Big data technologies and practices are moving quickly. Here’s what one should know, according to (Mitchell, 2013), to stay ahead of the game :
a) Big data analytics in the cloud
This allows users to access extremely scalable computing and storage resources through the Internet. It allows companies to get server capacity as needed and expand it rapidly to the enormous scale required to process big datasets and execute complicated mathematical models. Cloud computing reduces the price of data storage because the resources are shared among many users, who pay only for the capacity they actually utilize. Companies can access this capability much more quickly, without the expense and time needed to set up their personal systems, and they do not have to purchase enough capacity to accommodate highest usage.

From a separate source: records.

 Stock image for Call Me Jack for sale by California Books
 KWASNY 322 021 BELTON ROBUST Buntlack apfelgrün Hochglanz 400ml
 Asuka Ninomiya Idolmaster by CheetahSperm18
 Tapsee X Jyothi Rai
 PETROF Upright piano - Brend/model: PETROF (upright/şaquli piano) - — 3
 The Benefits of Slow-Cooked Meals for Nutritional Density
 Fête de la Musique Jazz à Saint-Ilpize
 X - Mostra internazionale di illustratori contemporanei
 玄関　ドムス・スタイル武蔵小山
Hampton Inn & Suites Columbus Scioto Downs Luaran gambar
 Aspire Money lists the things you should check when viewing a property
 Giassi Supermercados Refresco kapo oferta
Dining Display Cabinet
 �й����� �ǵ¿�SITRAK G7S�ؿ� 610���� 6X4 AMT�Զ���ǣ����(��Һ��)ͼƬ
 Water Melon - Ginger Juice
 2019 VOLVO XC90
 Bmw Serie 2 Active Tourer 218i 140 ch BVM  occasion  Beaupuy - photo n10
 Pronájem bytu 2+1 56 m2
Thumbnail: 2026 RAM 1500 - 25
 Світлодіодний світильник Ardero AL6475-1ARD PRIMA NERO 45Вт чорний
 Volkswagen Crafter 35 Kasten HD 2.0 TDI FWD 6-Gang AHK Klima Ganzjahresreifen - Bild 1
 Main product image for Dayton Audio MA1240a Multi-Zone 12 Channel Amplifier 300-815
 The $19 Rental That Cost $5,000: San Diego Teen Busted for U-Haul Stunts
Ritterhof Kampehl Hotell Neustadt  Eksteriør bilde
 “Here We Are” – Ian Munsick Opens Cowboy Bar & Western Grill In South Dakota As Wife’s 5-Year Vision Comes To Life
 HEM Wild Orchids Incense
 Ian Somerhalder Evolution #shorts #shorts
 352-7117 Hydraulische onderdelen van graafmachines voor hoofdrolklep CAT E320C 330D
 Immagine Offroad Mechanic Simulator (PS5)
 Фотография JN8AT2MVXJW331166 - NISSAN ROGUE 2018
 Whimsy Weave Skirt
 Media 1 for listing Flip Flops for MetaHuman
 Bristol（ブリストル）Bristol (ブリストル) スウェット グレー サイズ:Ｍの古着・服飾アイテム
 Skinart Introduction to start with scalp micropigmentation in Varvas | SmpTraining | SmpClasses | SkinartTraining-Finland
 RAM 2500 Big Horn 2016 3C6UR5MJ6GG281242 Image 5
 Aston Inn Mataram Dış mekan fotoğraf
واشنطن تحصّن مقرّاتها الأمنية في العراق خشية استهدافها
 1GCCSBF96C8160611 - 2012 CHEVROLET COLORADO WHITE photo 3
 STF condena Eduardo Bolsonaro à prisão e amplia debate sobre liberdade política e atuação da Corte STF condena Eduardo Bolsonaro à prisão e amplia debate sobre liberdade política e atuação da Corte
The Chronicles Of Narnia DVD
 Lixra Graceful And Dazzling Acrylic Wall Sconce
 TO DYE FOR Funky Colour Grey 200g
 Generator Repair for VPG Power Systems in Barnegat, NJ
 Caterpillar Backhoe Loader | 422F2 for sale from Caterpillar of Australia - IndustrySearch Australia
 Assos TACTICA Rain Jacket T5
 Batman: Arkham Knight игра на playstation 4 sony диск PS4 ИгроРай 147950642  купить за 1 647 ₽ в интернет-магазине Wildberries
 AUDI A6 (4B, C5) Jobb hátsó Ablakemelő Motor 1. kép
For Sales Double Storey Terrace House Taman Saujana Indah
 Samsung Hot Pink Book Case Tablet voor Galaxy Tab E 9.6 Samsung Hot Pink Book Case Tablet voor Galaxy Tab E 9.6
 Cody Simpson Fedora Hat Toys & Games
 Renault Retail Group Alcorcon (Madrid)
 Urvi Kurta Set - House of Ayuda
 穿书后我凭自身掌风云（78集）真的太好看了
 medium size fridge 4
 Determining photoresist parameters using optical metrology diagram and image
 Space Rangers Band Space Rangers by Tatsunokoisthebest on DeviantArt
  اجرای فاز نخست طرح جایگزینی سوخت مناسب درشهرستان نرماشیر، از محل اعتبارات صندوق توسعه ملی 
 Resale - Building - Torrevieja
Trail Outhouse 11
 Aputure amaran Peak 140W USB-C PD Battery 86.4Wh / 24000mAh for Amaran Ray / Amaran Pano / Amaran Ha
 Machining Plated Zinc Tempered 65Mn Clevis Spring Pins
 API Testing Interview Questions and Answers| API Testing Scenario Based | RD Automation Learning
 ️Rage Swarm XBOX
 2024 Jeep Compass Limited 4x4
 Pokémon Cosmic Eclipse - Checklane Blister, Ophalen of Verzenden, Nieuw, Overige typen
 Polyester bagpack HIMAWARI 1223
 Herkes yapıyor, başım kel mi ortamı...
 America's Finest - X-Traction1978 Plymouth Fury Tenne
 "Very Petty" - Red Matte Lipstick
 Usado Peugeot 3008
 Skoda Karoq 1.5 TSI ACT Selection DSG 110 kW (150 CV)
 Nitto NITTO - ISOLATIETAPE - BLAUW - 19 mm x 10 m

b) Hadoop: The new enterprise data operating system
Hadoop is by far the most popular implementation of MapReduce. MapReduce is a completely open source platform which handles Big Data. As it is flexible, it works with multiple data sources. It either aggregates multiple sources of data in order to do large scale processing, or reads data from a database in order to run processor-intensive machine learning jobs. It has several diverse applications, but one of the top usages is for large volumes of constantly changing data. Changing data may be web-based or social media data, location-based data from weather or traffic sensors, or machine-to-machine transactional data.
c) Big data lakes
Traditional database theory dictates that you design the data set before entering any data. A data lake, also known as an enterprise data lake or enterprise data hub, turns that model on its head. It offers tools for people to analyze the data, along with a high-level definition of what data exists in the lake.
d) More predictive analytics
Predictive analytics with ML.NET is the branch of data mining concerned with the prediction of future prospects and trends. The central element of predictive analytics is the predictor, a variable that can be measured for an individual or other unit to predict future behavior.
With big data, analysts have not only more data to work with, but also the processing power to handle great numbers of records with many attributes.
e) In-memory analytics
It works by increasing the speed, reliability and performance when querying data. Business Intelligence deployments are typically disk-based, that is the application queries data stored on physical disks. In contrast, with in-memory analytics, the queries and data exist in the server's random access memory (RAM).
The use of in-memory databases to speed up analytic processing is increasingly popular and highly valuable in the right setting. Many web application development companies are making use of In-memory analytics to attain more reliability and greater performance.
f) More, better NoSQL
Alternatives to traditional SQL-based relational databases, termed NoSQL (short for “Not Only SQL”) databases, are rapidly gaining importance as tools for use in specific kinds of analytic applications.
According to (Wikipedia), the working definition of NoSQL is as follows:
“A NoSQL, formerly referred to as "non SQL" or "non-relational", database provides a mechanism for storage as well as retrieval of data which is modeled in means other than the tabular relations used in relational databases.”